Title: Director of microarray CGH laboratory, department of pathology, University of Rochester Medical Center

Education: PhD, genetics, Osmania University, Hyderabad, India, 1983; MSc, genetics, Osmania University, 1976; BSc, biology, Osmania University, 1974

The third annual meeting of the Cancer Cytogenomics Microarray Consortium, held last week in Chicago, was its largest yet, according to Anwar Iqbal.

Iqbal, who is president of the CCMC, said that the organization now boasts more than 300 members from over 150 organizations in the US and abroad most of whom attended the conference, an exponential increase from the two dozen or so clinical cytogeneticists who met to establish the organization two summers ago.

As an organization, the CCMC is arguably off to a good start. An initial quality control study, that compared the ability of participating laboratories to obtain the same results from the same samples using different array platforms, concluded last year (BAN 12/6/2011). Meantime, American College of Medical Genetics along with CCMC members were involved in drafting guidelines on using microarrays in clinical cancer cytogenetics that are making their way through the approval process of the American College of Medical Genetics.

At the same time, questions loom about the focus of the organization as more researchers adopt next-generation sequencing technologies, and members wrestle with how to best convey the information obtained from arrays and sequencing to clinicians so that they can make treatment decisions.

BioArray News spoke with Iqbal during the CCMC meeting about the organization's focus and future. Below is an edited transcript of that interview.

One issue that has been raised at this meeting is the identity of the organization, and some have even mentioned changing the CCMC's name.

We are thinking about changing the name to be more inclusive of next-generation sequencing. We really don't know where microarrays will be in five years or two years. The emerging tools are changing and now cytogeneticists are in the position to continue offering microarrays and move on to next-gen sequencing. We want to send a message that by changing the name, we are being more inclusive.

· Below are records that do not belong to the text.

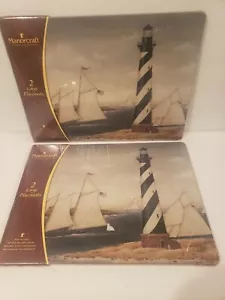 New Manorcraft Lot of 4 Placemats Cork Back Signed Lighthouse, Sailboats SEALED - Picture 1 of 12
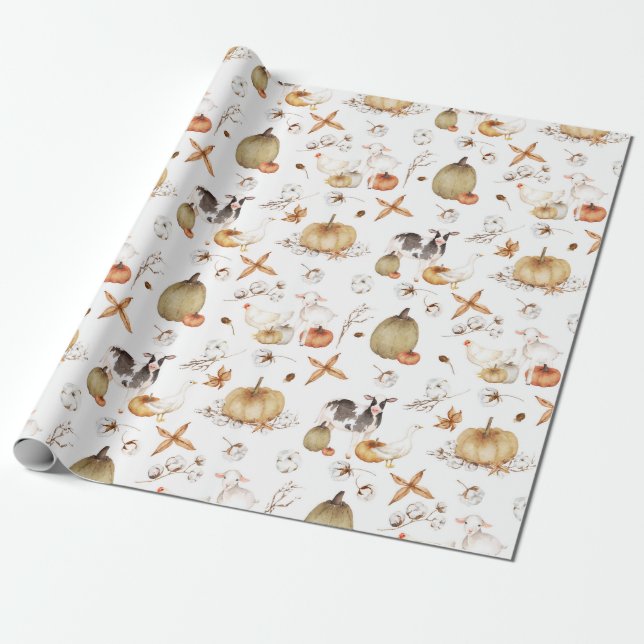 Papel De Regalo Fiesta de granja de otoño (Desenrollado)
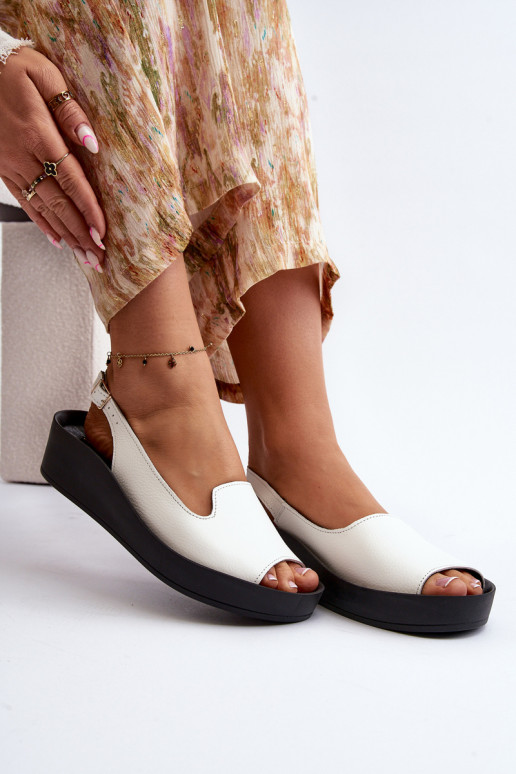 Zazoo 2893 Dámske sandále Kožené na Hustýj PodeszInie biela farba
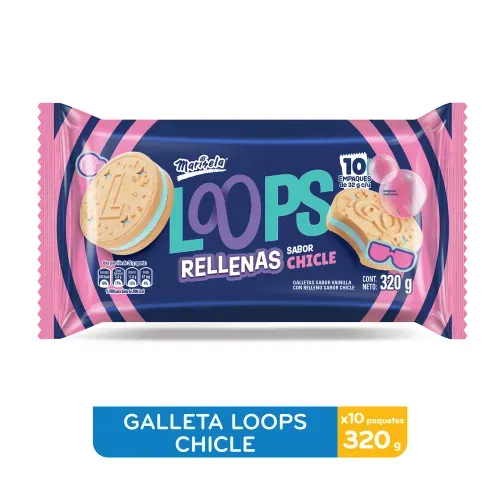 Galleta Loops rellena sabor chicle - 320 g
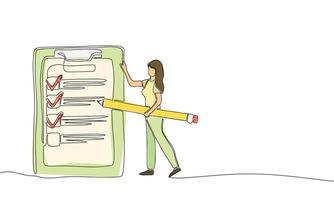 Girl with big pencil before big to do list. Hand draw line art outline with color. Vector illustration.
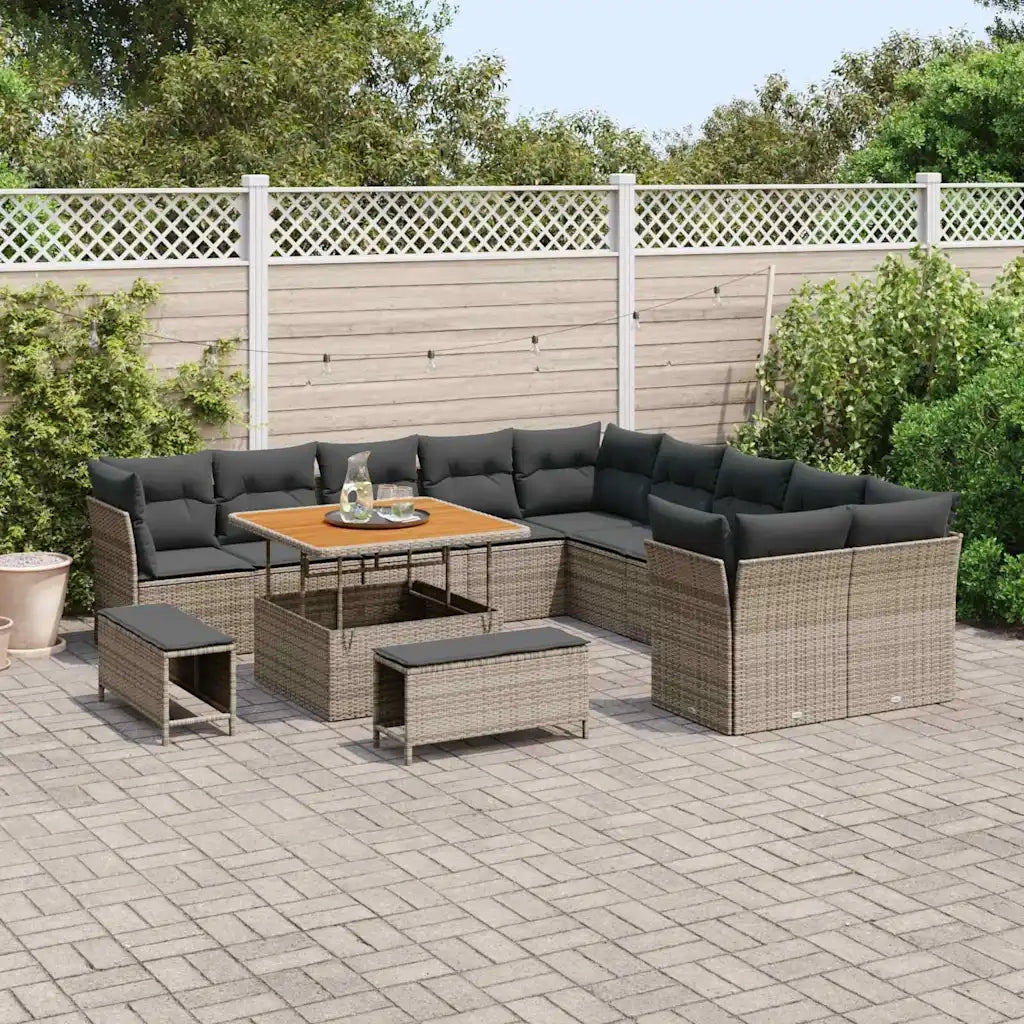 Set Divano da Giardino con cuscino 13 pcs Grigio polyrattan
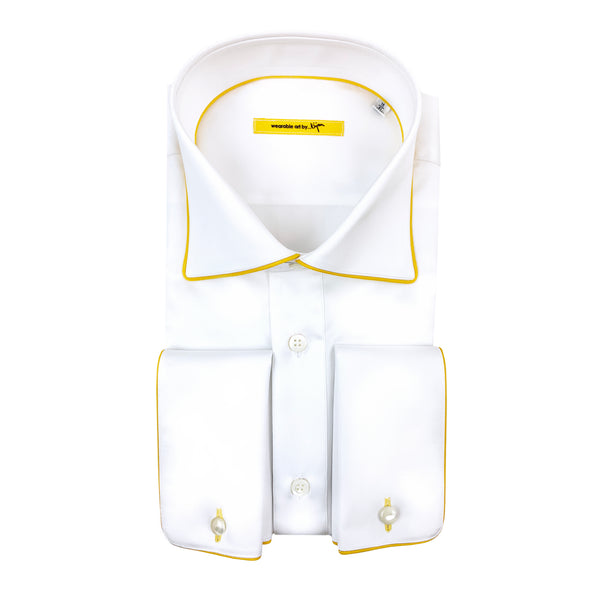French Cuff Dress Shirt with Bijan Yellow Piping Detail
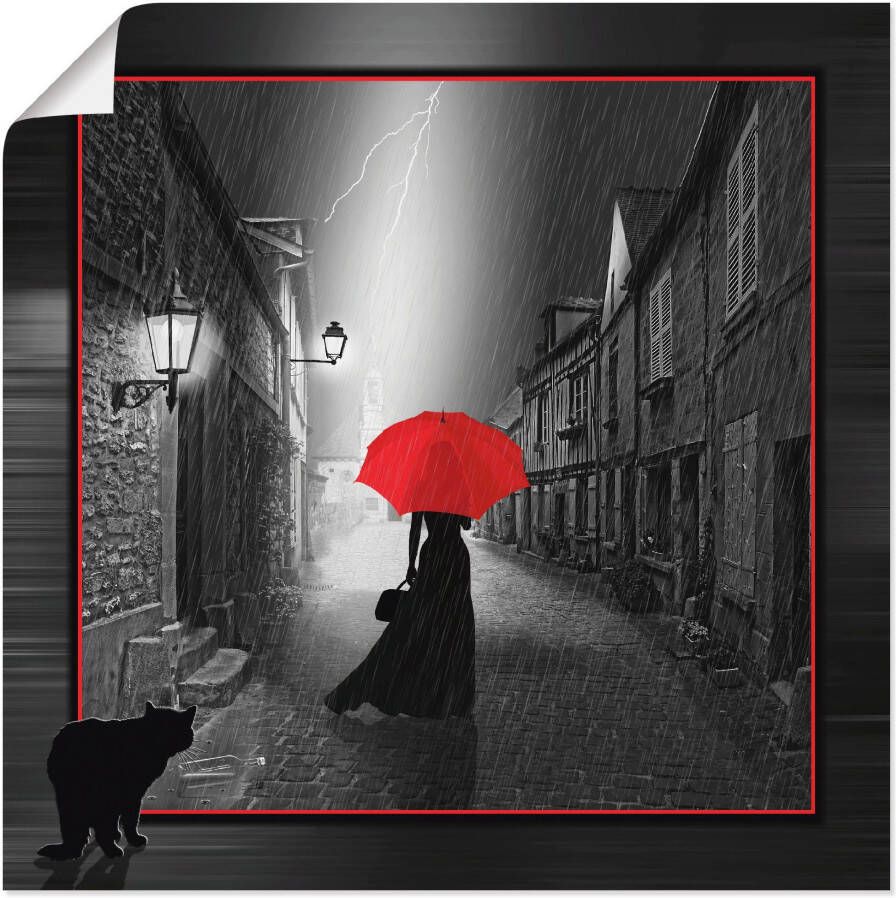Artland Artprint De vrouw met de rode kap 2 als artprint op linnen poster muursticker in verschillende maten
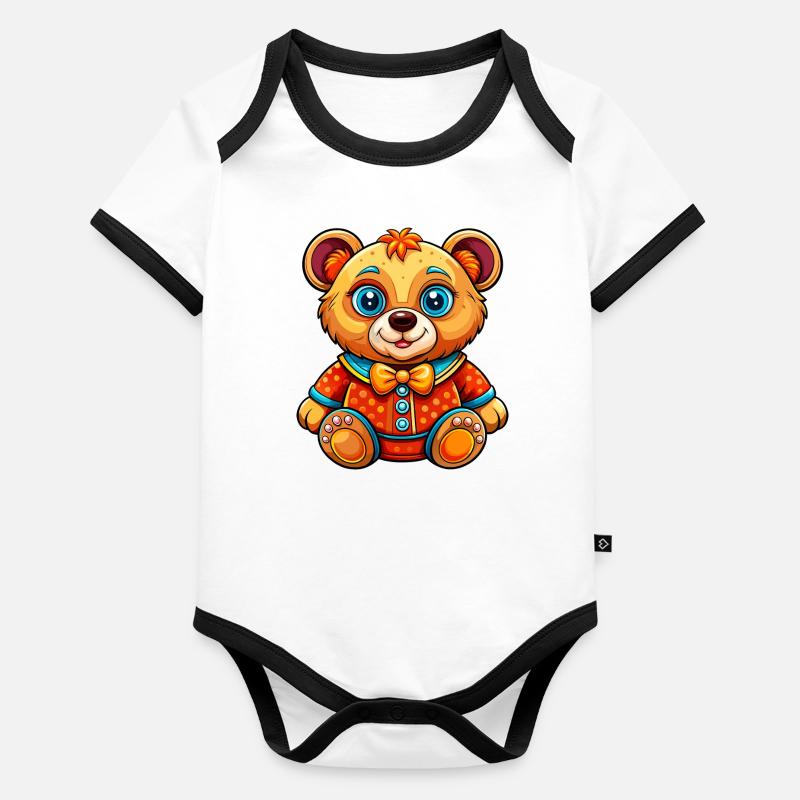 Pretty Teddy Organic Baby Contrasting Bodysuit
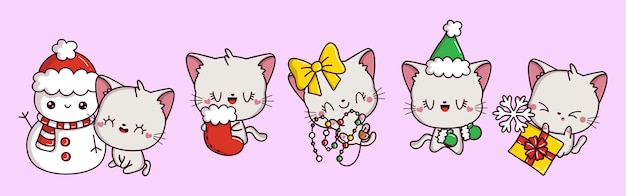 Set koleksi kucing putih Natal kawaii dari ilustrasi hewan vektor xmas lucu untuk stiker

What are the aims of the consortium, now that you are in your third year?

At this meeting we have discussed how microarrays should be included as part of clinical trials currently being undertaken on any hematological malignancies or any solid tumors. Chromosomal analysis and and are presently included in clinical trials, but microarrays have not yet been incorporated into standard of care for onclology , as with postnatalgenetics. If microarrays become part of clinical trials, then it becomes simpler for clinicians to access the technology for use in monitoring and treating cancer patients. But even if microarrays are adopted in clinical trials, it may take years to complete the clinical trial. Therefore, it may be valuable to include both microarrays and next gen sequencing in clinical trials.

How will you get arrays into clinical trials? Will you work with drug companies?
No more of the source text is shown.